## DATA LISTING
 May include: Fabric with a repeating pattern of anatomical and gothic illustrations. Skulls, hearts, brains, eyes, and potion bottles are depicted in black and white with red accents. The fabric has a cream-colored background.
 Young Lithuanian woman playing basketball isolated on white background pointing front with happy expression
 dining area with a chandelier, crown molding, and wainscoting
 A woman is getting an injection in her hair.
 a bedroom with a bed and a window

## TASK STATEMENT
Beginning at the line containing "Young Lithuanian woman", repeat each line exactly through the last line of the entries, and include no other lines.

## WRITTEN ANSWER
 Young Lithuanian woman playing basketball isolated on white background pointing front with happy expression
 dining area with a chandelier, crown molding, and wainscoting
 A woman is getting an injection in her hair.
 a bedroom with a bed and a window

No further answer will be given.